From 24 Sep to 2 Nov 2024, Objectifs’ new Residency Space (located in our Annexe) welcomes its first group of five women artists-in-residence for our annual Women in Film & Photography programme.

Fri 1 Nov, 4.30pm – 8.30pm | Objectifs Residency Space
Open Studio with Women in Film & Photography Artists-in-Residence

Join us at the Open Studio for a chance to interact with the artists and find out about their works and processes! Free admission, no registration required.

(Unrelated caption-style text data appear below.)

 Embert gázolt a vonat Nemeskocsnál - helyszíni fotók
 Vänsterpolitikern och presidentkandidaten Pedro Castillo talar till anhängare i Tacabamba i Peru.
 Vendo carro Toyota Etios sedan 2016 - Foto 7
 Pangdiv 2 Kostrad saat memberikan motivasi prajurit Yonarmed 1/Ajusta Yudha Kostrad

Cynthia Delaney Suwito is a visual artist who explores the subjects of everyday objects and experiences. Using them as her material, she uses observational humour to examine daily phenomena such as the omnipresence of instant noodles, the misfortunes of plastic bags, the misuse of clothes pegs, and the perpetual turning of toilet paper rolls. Her work provides space for everyday objects to challenge their own mundanity. Taking various forms, many of her works are site-specific interactive sculptures and installations.

Born in Indonesia and based in Singapore, Cynthia completed her Bachelor in Fine Arts with First Class Honours at LASALLE College of the Arts, Singapore. Cynthia was featured on BBC Asia and Channel News Asia, and was in the 2017 FORBES 30 under 30 Asia in the Arts. She has exhibited at Bandung Contemporary Art Award Assemblage, 2019, in Indonesia, and at Superfluidity: The Parallel Universes Daily Mimicry, 2022, in Taipei. In Singapore, Cynthia had a solo presentation, while we wait, in 2020, and exhibited at Hawker! Hawker! in 2021, as well as the Singapore International Photography Festival in 2022.

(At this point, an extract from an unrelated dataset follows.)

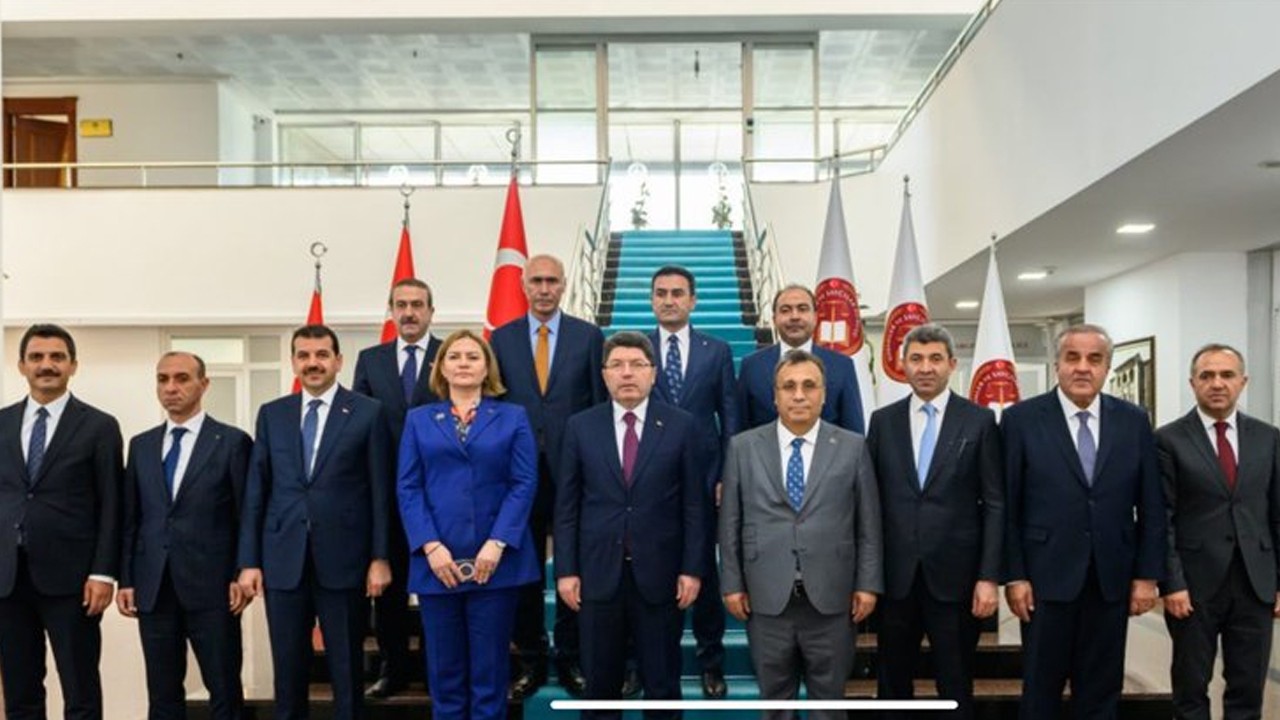 HSK üyesi Seyfi Han paylaştı! "Vira bismillah"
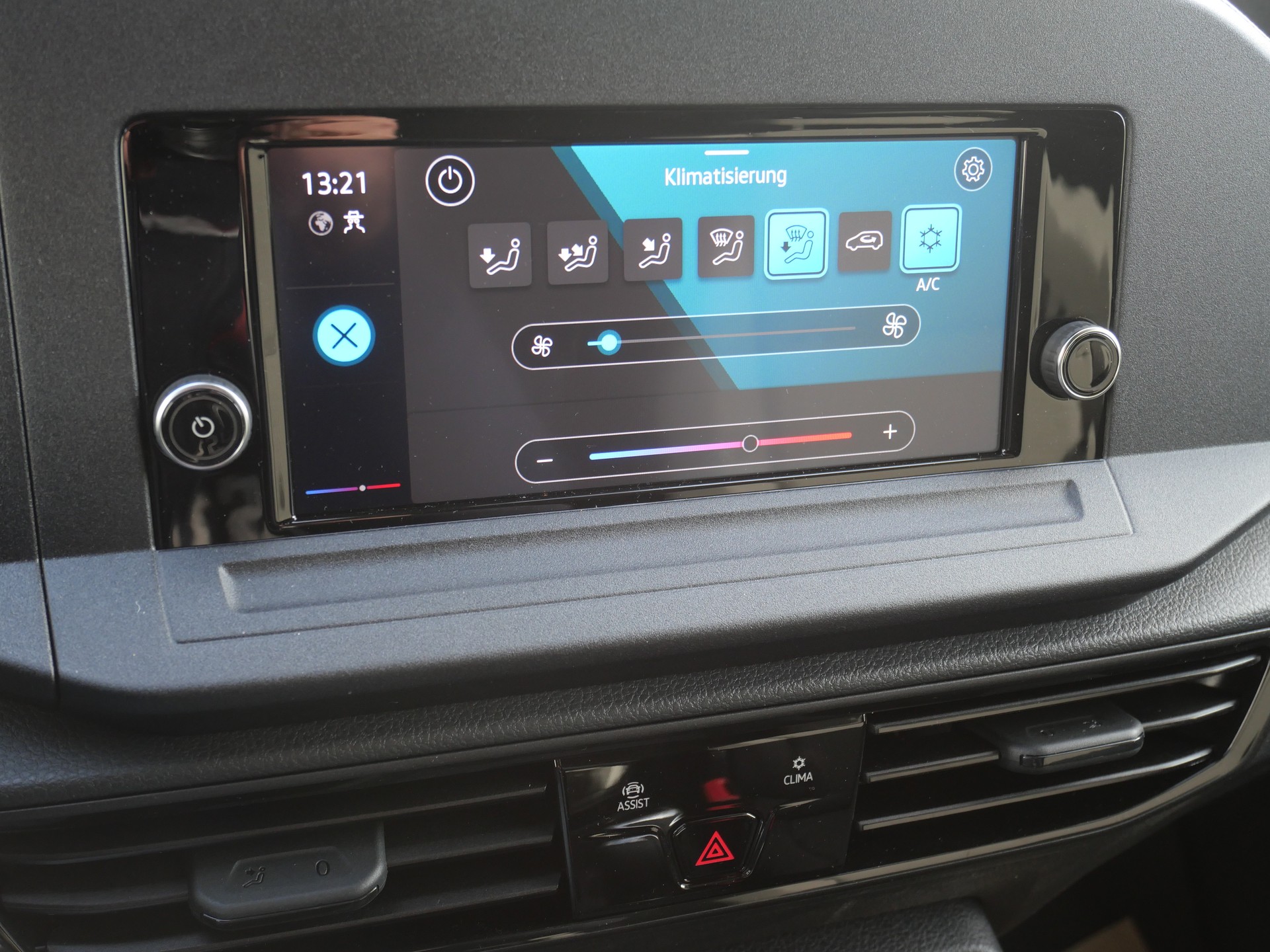 VW Caddy Cargo 2.0TDI 4Motion-image-18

With a practice that involves collecting inspiration from her surroundings, and which has recently expanded from collecting objects to photographs, Cynthia will continue working on her creation of a photographic archive of objects that have been with her through her many homes during the residency. She will also explore sculptural forms of presentation for these images, transforming the digitalised objects back into physical forms. Combining and continuing 2 of her past projects, Things/Stuff/Objects and Belonging, she hopes to further delve into the memories and sentimental nature that material possessions can contain and convey.


DEANNA NG & MARY BERNADETTE LEE

Deanna and Mary will be working together as a collective for the residency.

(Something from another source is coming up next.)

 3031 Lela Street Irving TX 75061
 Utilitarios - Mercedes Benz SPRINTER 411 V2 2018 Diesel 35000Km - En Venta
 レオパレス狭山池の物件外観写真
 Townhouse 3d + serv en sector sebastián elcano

Deanna Ng (b.1976) is an independent photographer and arts educator who is interested in documenting fragments of memory found in a rapidly changing urban landscape that she calls home – Singapore.

In 2009, her work with Lien Foundation on end-of-life issues left an indelible mark on her. She questions how grief becomes part of our life and how we contain it. Having exhibited extensively in Japan, Turkey, Iceland and Singapore, she continues to work on several projects that examine not only her own memories, but also of those who are around her.

Mary Bernadette Lee is based as an artist in Singapore. Her artistic practice takes the phenomenological approach investigating relationships between body, architecture and space, and psychological states relating to Self, Identity and Home. This relational dialectics between the physiological and the psychological is expressed through her works that foreground the architecture of her as a person and an artist.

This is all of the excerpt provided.